Advies koninklijk besluit werkbaar en wendbaar werk

advies op vraag
Federaal minister van Werk Economie Consumenten
Kris Peeters
Advies over ontwerp van Koninklijk Besluit tot uitvoering van artikel 9, eerste lid, c) en het tweede lid; artikel 10, tweede en derde lid; artikel 14, tweede en zevende lid, en artikel 15, tweede lid, van de wet betreffende het werkbaar en wendbaar werk.

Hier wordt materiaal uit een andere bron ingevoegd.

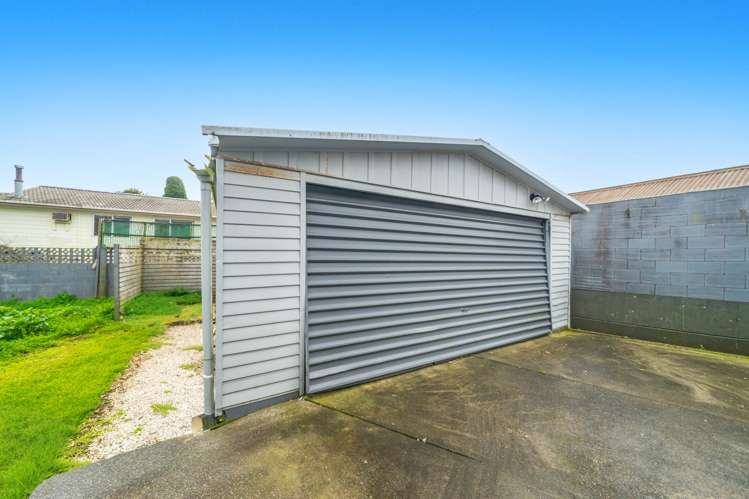17 Gibbons Road Weymouth_14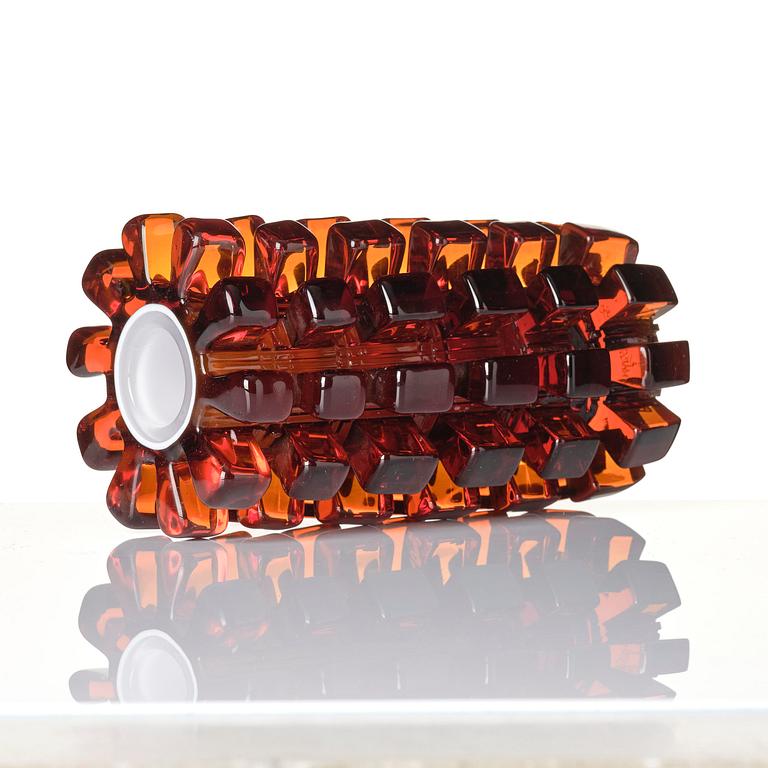 Mårten Medbo, a unique "Tappvas" glass vase, Ajeto Glassworks, Nový Bor, Czech Republic, 2009.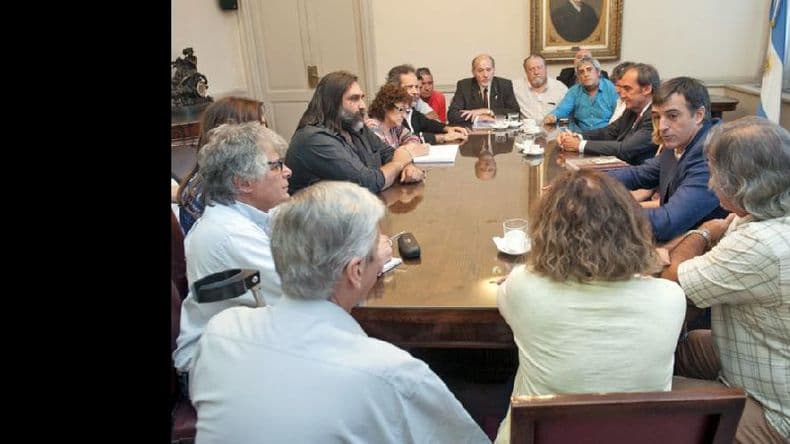 El Gobierno nacional inició ayer las paritarias con los gremios docentes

De Vlaamse Regering en de SERV brachten een gezamenlijk advies uit over het ontwerp-KB dat uitvoering geeft aan art. 9 van de Wet Werkbaar en Wendbaar Werk. Het advies gaat in op de vraag welke opleidingsinspanningen in aanmerking komen voor de federale opleidingsnorm die vervat zit in de wet. De Vlaamse Regering en de sociale partners wijzen op de verschillende instrumenten die Vlaanderen heeft om de opleiding van werknemers te stimuleren. Potentieel zouden dus heel wat opleidingen georganiseerd en/of gefinancierd door de Vlaamse overheid in aanmerking kunnen komen voor het bepalen van de opleidingsinspanningen. Gezien het belang van werkplekleren voor Vlaanderen en het sterke engagement dat dit ook vereist van de ondernemingen vragen de Vlaamse Regering en de SERV dat naast de formele en informele opleidingen nog een derde type opleidingen meetellen, nl. de diverse vormen van werkplekleren (meer concreet gaat het om IBO, Leren en Werken, duaal leren en werken, werkplekleren).